**Material shown:**
━━━━━━

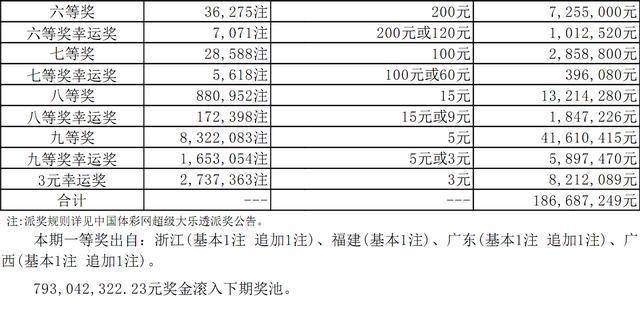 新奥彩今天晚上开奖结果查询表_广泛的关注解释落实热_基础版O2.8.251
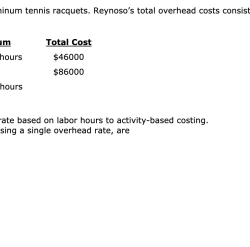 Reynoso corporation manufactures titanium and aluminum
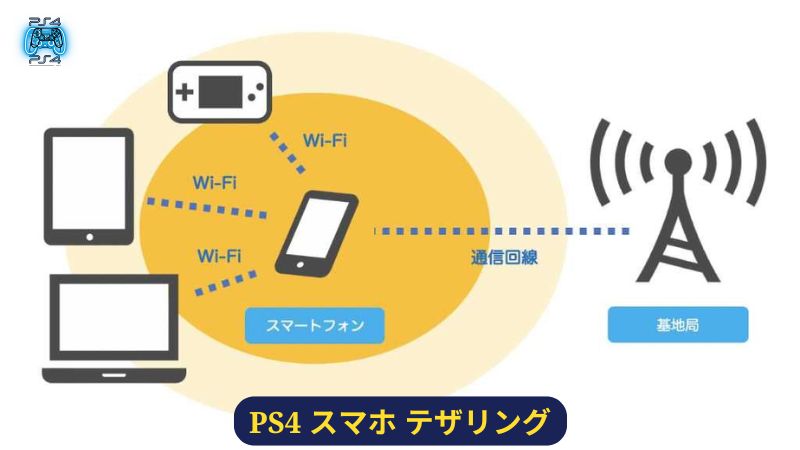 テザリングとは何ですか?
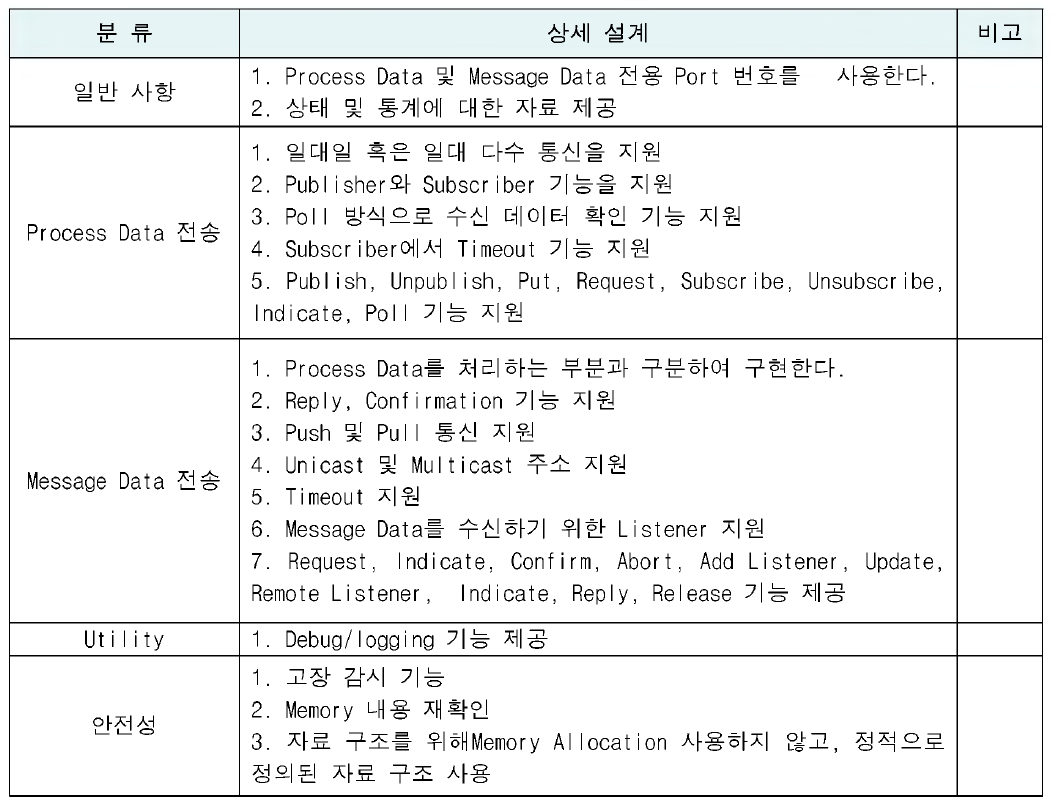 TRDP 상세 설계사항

━━━━━━

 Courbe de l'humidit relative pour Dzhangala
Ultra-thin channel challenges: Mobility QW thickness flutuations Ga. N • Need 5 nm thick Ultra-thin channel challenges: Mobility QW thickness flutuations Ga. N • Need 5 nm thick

━━━━━━

**Task brief:**
Reproduce, word for word, only the lines in the records above from the line with "新奥彩今天晚上开奖结果查询表_广泛的关注解释落实热_基础版O2.8.251" through the line with "TRDP 상세 설계사항", including both ends; omit the pictures.

**Response to this exercise:**
 新奥彩今天晚上开奖结果查询表_广泛的关注解释落实热_基础版O2.8.251
 Reynoso corporation manufactures titanium and aluminum
 テザリングとは何ですか?
 TRDP 상세 설계사항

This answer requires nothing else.